As Sir Stephen Lovegrove, the UK National Security Advisor, said in a speech at the Council of Geostrategy yesterday: “It is perhaps the most significant capability collaboration anywhere in the world in the past six decades.” AUKUS is significant because constructing and operating nuclear-powered submarines is a serious investment of time, resources and political capital. It requires deep and permanent cooperation to work and to have longevity measured not in years but in decades. It requires a great faith and trust between partners in an increasingly polarised world.
Consequently, AUKUS represents the commitment of the three nations to bind themselves into a common endeavour to work permanently together in pursuit of a free Indo-Pacific region in the twenty-first century. The “Indo-Pacific” is a new geopolitical framework, first devised by Japan, but now embraced by many Indo-Pacific democracies; its aim is to shape the region and prevent authoritarian, revisionist powers, such as the regimes in China and Russia, from making aggressive claims on maritime spaces or using their power to shove aside smaller nations.
The pact confirms Australia’s acceptance of a changed geopolitical environment. The Chinese Communist Party’s aggressive behaviour towards Australia has transformed the country’s strategic posture.

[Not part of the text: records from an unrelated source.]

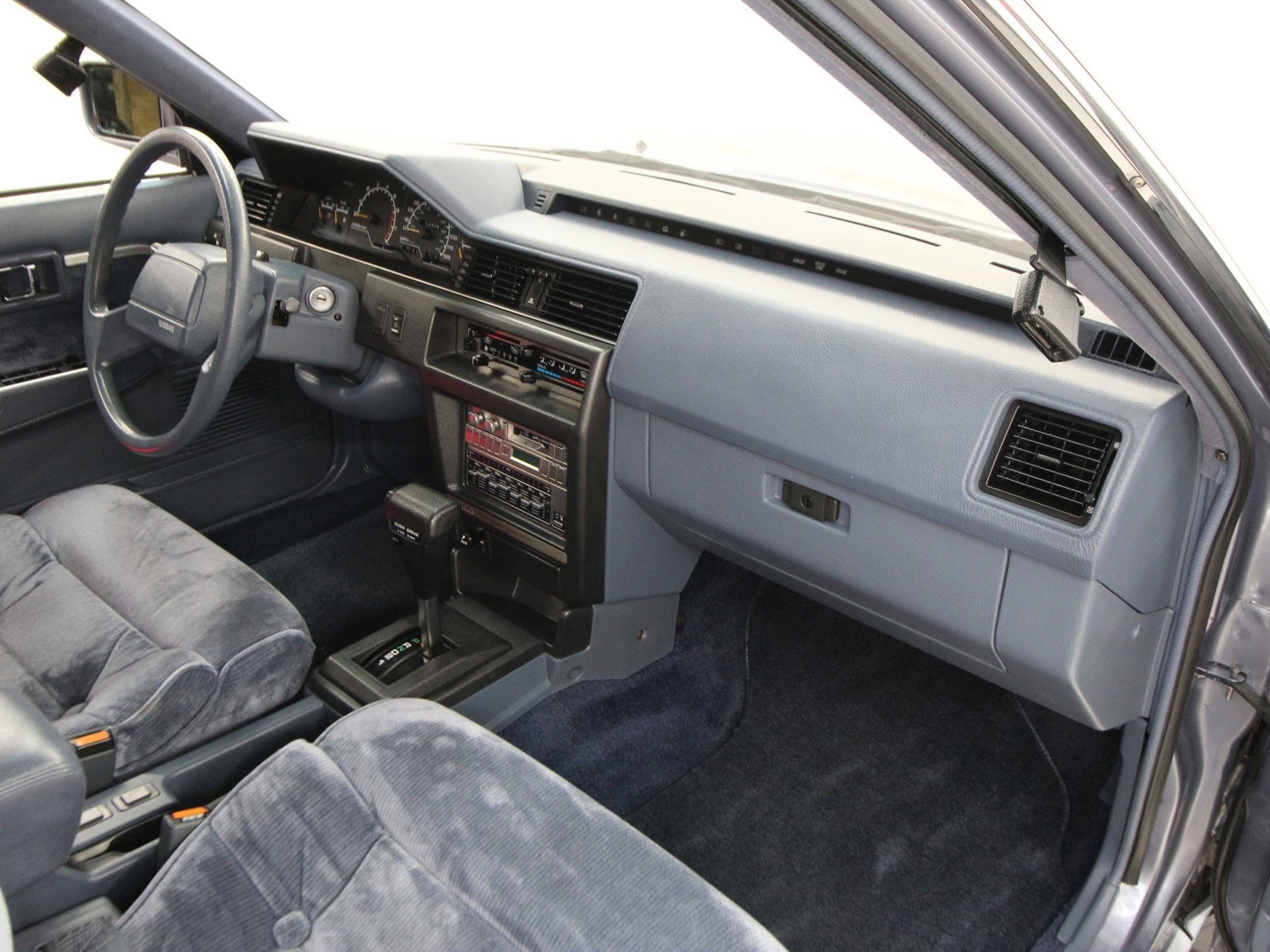 1987 Nissan Maxima 15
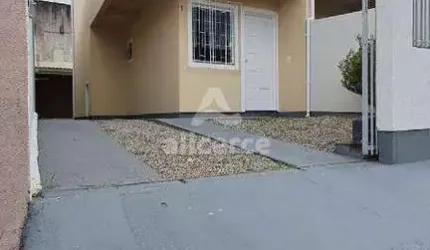 Sobrado à venda com 2 quartos , 62,7m² em São Sebastião Palhoça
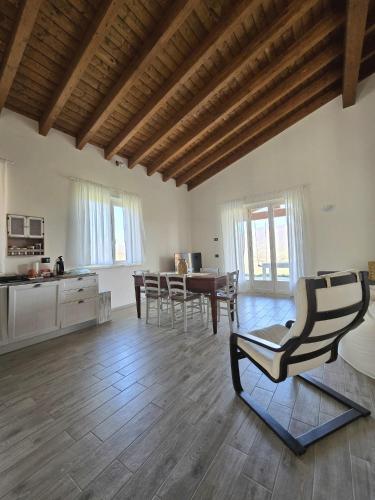 2 bedrooms, 3 beds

As the analyst Iskander Rehman puts it, after many years “down under”, Australia is now placing itself “top centre”. With the AUKUS agreement, the Australians have confirmed that they are now stepping up, at significant cost, to underpin the regional order. But they can only do it with help from their British and American allies.
For the United States, the pact reconfirms Washington’s aim to rebalance its global geostrategic posture to focus more on the Indo-Pacific. And for the United Kingdom, AUKUS is the strongest sign yet of the emergence not only of “Global Britain” but also of the British “tilt” towards the Indo-Pacific – the new fulcrum of the global economy and international geopolitics.
With AUKUS, surely nobody can still argue that “Global Britain” is merely a slogan or that the Indo-Pacific “tilt” is just a delusion? When it was bandied around, it was largely seen as a trade mission. A post-Brexit promise to maintain British influence through new economic ties with other countries – even China. This pact a hopeful sign it strikes much deeper and goes to the core of the rest of our obligations.
Over the past year, Britain has undertaken a number of concrete measures to bring its Indo-Pacific ambitions to fruition. Earlier this year, the UK deployed HMS Queen Elizabeth and the Carrier Strike Group to East Asia, as well asa handful of other naval ships to South-East Asia – some for up to five years. There has been a renewed focus on the Five Power Defence Arrangements, and the Five Eyes alliance, as well as a new trade agreement with Japan. This is all part of a strategic plan to exert British influence in the area and prevent autocrats bullying democracies into submission.
Whether or not AUKUS is the final destination for Global Britain or just the start of a new Indo-Pacific era is a mystery to all of us. But close Indo-Pacific allies stand ready, and the UK must not shirk away from engaging with them – even if it means drawing the ire of China.